Hatley High is a 2003 Canadian independent comedy film directed by Phil Price and written by Myles Hainsworth. It was shown at various film festivals from September 2003 to 2005 including the San Diego Film Festival and the U.S. Comedy Arts Festival.

==Plot==
Tommy Linklater is an 18-year-old whose magic is often minor (re-directing croquet balls, making cards appear in closed purses, etc.) but is always genuine since he actually does the impossible. He soon learns that his hobby for playing chess while his mother was alive is another gift that she left him. His father, Herman Linklater, is a physicist who believes that all the universes mysteries will eventually be explained away.

Tommy's mother and Herman's wife, Melanie, has died and left them a house in a small lakeside town, North Hatley, that they did not know she owned. They decide to move there for a year so that Herman can finish his book on cosmology. Once they arrive, the Linklaters discover that Melanie was something of a local legend. She left North Hatley after throwing a game against the town's greatest chess rivals, the Russians. The town was forced to realize their mistakes by pushing her too hard to win and thus undermining the soul of the game. Her pictures and trophies are everywhere in the small town.

Tommy attends Hatley High, whose main claim to fame is the Knights, an internationally ranked chess team.
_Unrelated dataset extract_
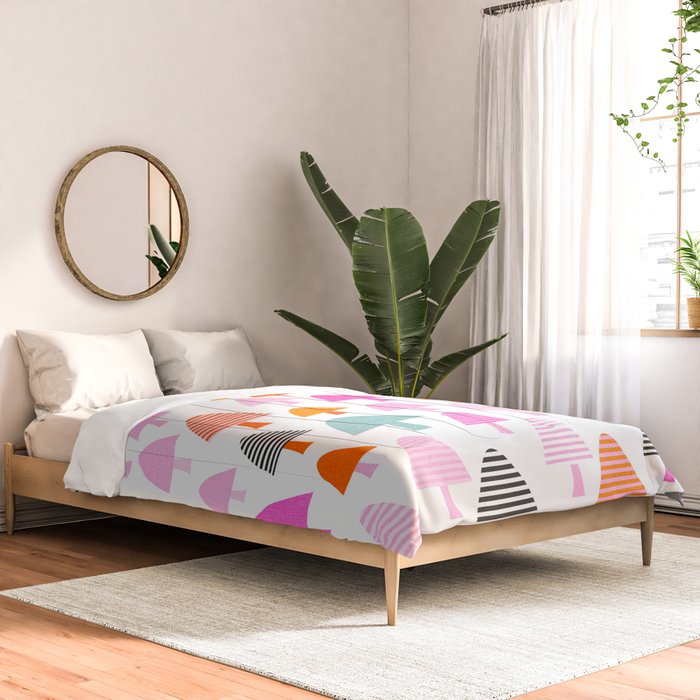 Whimsi Retro Abstract Mushrooms in Rainbow colours Comforter Gallery Image 2
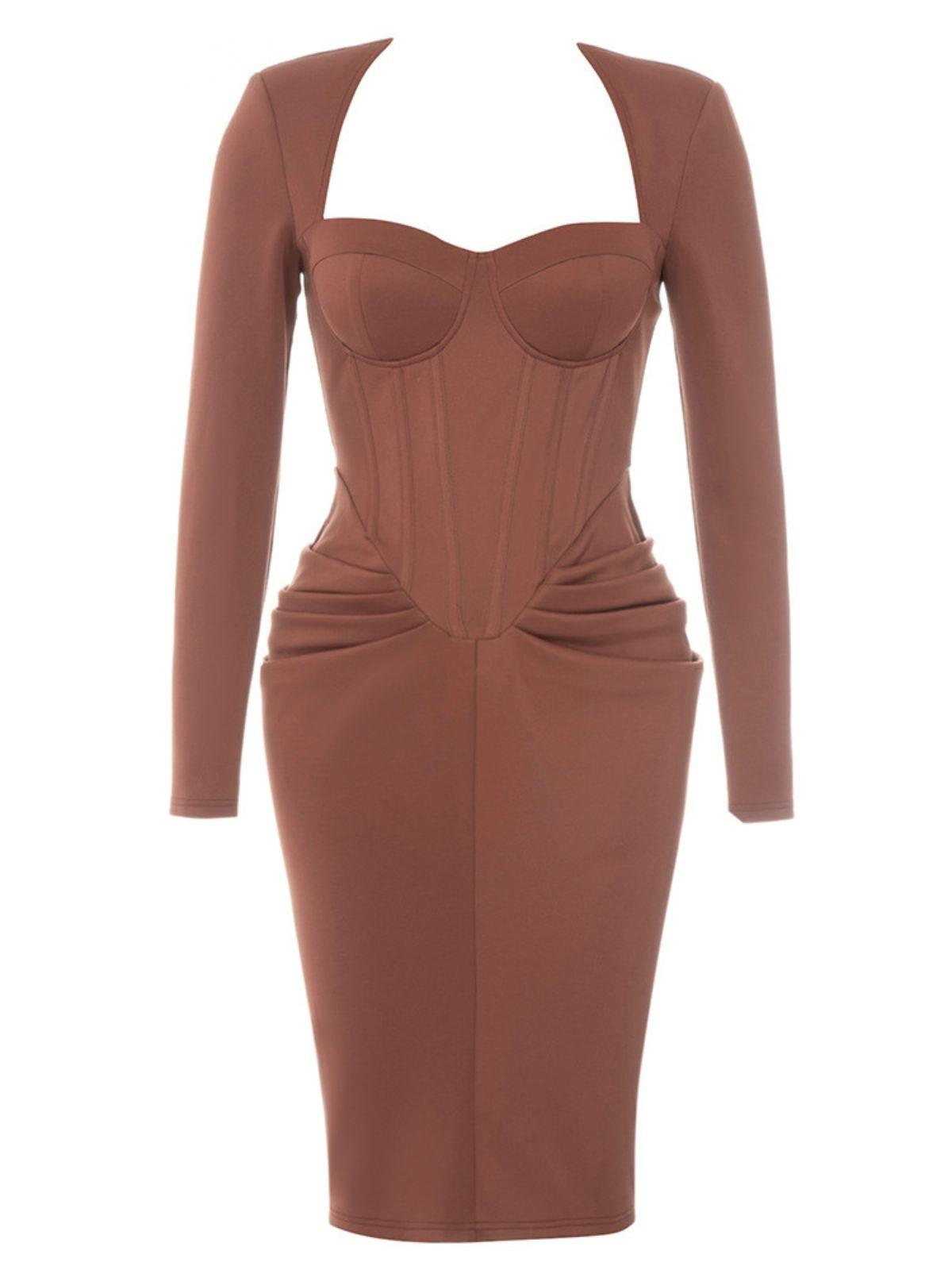 Noelani Long Sleeve Corset Midi Dress-Mix MIx Style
He befriends a basketball prodigy, Julius, whose secret passion is surfing, as well as Trevor and Darryl, two charming and ambitious guys who call themselves the Syndicate. He also meets and ends up going out with Hyacinthe Marquez, the beautiful and witty cheerleader who does cartwheels as effortlessly as she quotes Oscar Wilde. Herman, meanwhile, is being pestered by the town priest, Lorne Granger, who is a physics buff who actually and casually talks to God. Herman is very uncomfortable around priests but is eventually won over by Lorne's enthusiasm for physics. Herman undergoes a sort of epiphany when Lorne provides him with an equation that is not supposed to exist. The equation enables him to finish his book, but he is forced to confront the possibility that he's not living in a clockwork universe after all.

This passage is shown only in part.